Thilleli Rahmoun, ancrée dans la Méditerranée et la couleur

  • «J'ai toujours peint et dessiné depuis ma prime enfance»
  • «Je n'ai pas de règles ou de recettes lorsque j'aborde une série, un projet ou une œuvre quelconque»

CASABLANCA: Ancrée autour de la Méditerranée, du mouvement et de la couleur, Thilleli Rahmoun est une artiste reconnue pour ses dessins hors pair. Inspirée par le déracinement, le déplacement, elle vit et travaille à Barcelone, expose tour à tour à Marrakech, Kinshasa, Paris et Alger où elle instille son art incarné. Imprégnée par l’Histoire et la culture de la Catalogne, elle a présenté l’exposition intitulée «Barna 2020», à la galerie La La Lande à Paris. Cette exposition individuelle consacrée à une série de dessins captivants ravive la mémoire d’un quartier populaire et emblématique de Barcelone, muse-monde au confluent des codes graphiques et des symboles architecturaux. Entretien avec l’artiste plasticienne Thilleli Rahmoun.


Comment êtes-vous venue à l’art?

J'ai toujours peint et dessiné depuis ma prime enfance. J'ai de tout temps adoré les histoires, et pas uniquement celles qu'on me racontait, mais aussi celles que je m'inventais. Enfant, mes parents m'avaient inscrite à un centre culturel à Alger. Plus tard, j'ai suivi le cursus de l’École supérieure des beaux-arts d'Alger puis celui de Paris.

Vous évoluez entre Barcelone et Paris, comment ces deux villes influencent-elles votre pratique artistique?

Après mon diplôme de l’École nationale supérieure des beaux-arts (Ensba) de Paris, il m'a paru naturel de rester dans la capitale française pour toutes les opportunités artistiques et l'offre culturelle ambiantes. Depuis, j'ai eu l'occasion de participer à des programmes de résidences d'artistes hors de France, notamment à Barcelone. La ville et ses attributs uniques ont été un élément déterminant qui m'a fait prendre conscience de l’importance de la Méditerranée dans mon parcours personnel, et de son influence sur mon travail en tant que territoire. À Alger, je me disais toujours que la mer était un «élément modérateur». À Barcelone, elle est le «point de retour».

art

Parlez-nous de Barna 2020, l'exposition que vous avez présentée à la galerie parisienne La La Lande.

Ce projet de solo show à la galerie La La Lande m'a été proposé par François Rublon, qui a en a été le commissaire. Le titre fait référence à Barcelone et à l'année 2020, car l'ensemble des œuvres présentées ont été conçues cette année-là, à Barcelone. L’exposition regroupe un ensemble que nous avons souhaité cohérent. Chacune des pièces a un lien plus ou moins évident avec la ville et ses alentours.

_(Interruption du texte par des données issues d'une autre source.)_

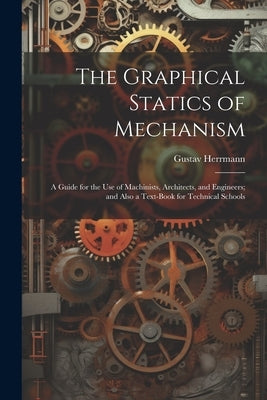 The Graphical Statics of Mechanism: A Guide for the Use of Machinists, Architects, and Engineers; and Also a Text-Book for Technical Schools by Herrmann, Gustav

Que retenez-vous de la série de dessins emblématiques que vous avez créée exclusivement pour ce solo show et de vos rencontres avec les Barcelonais à la suite de ce projet?

Pour l'exposition Barna 2020, nous avons fait le choix avec le curateur et les galeristes, Sofien Trabelsi et Ilyes Messaoudi, de présenter, entre autres, une grande partie du projet intitulé «Auca al Revès», spécifiquement conçu pour la «Nuit des musées» qui s’est tenue à Barcelone en mai 2021. Ce projet marque un tournant important dans mon parcours, car même s'il est né de la volonté de créer une possible mémoire collective de l'un des quartiers les plus emblématiques de Barcelone, le résultat final a généré des dialogues transversaux et universels.

auca

Votre imprégnation est-elle la même lorsque vous abordez des croquis, des dessins ou encore des fresques murales?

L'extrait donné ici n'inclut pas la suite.